Peridot 幸せの花咲かせましょ〜初恋と宝石Ⅶ〜
第51章 きっと未唯彩も同じ気持ちです
楓未奈ちゃん、緊張感を漂わせて可哀想なくらいカチンコチンに固まってる。
(アイスコーヒー頼もうかな)
彼女と俺のアイスコーヒーを注文する事に。ロボットの店員に、なんだかなぁ。と思いつつ商品を受け取って。彼女の前にアイスコーヒーを置いて。
「砂糖とミルクいる?」
「はい」
「どうぞ」
「ありがとうございます」
下を向いて、ボソボソと話をする楓未奈ちゃん。すっげぇ可哀想で。さらに利き手だったのかな? 包帯を巻いてある右手でスティック状の砂糖を……
「いっ……」
痛みが走ったみたいだ。
「貸して」
砂糖とミルクを入れてかき混ぜてから、渡すと。
「すみません。ありがとうございます」
「いいよ。そんなに緊張しないで?」
「はい……ま、松本さんっ、私、本当に失礼な事を言って……すみませんでしたっ」
意を決した様に、深々と頭を下げなからそう言った楓未奈ちゃん。
「気にすんなって。さっきの言い方も悪かったんだしさ」
『まぁ、当たってるんだろうね』
発言の事ね。
「いえ、初対面の人に。言う事で傷付くかもしれないのに、あり得ない事言ったんです」
「じゃあ、お相子だね。
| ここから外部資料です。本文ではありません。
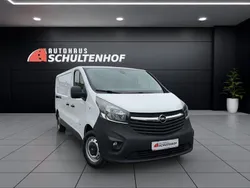 Weiß Gebraucht 2018 Opel Vivaro Van | 13.999 € (Guter Preis)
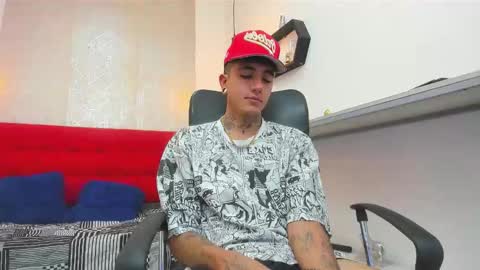 tommy_will online show from December 14, 3:46 am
俺の言葉もムカついたでしょ?」
「……はい。少し」
「アハハ」
正直にムカついたと言った彼女。
「少し話ししようか?時間大丈夫?」
「大丈夫です。居なくても心配なんてしないから……」
「未唯彩ちゃんが心配するでしょ?」
「きっと未唯彩も同じ気持ちです」
心が痛くなる事を言った楓未奈ちゃん。瞳に涙を浮かべてる……
(そんな悲しい事を言うまで追い込まれてるなんてさ……)
俺はもらい泣きそうになりながらグッと耐えてさ。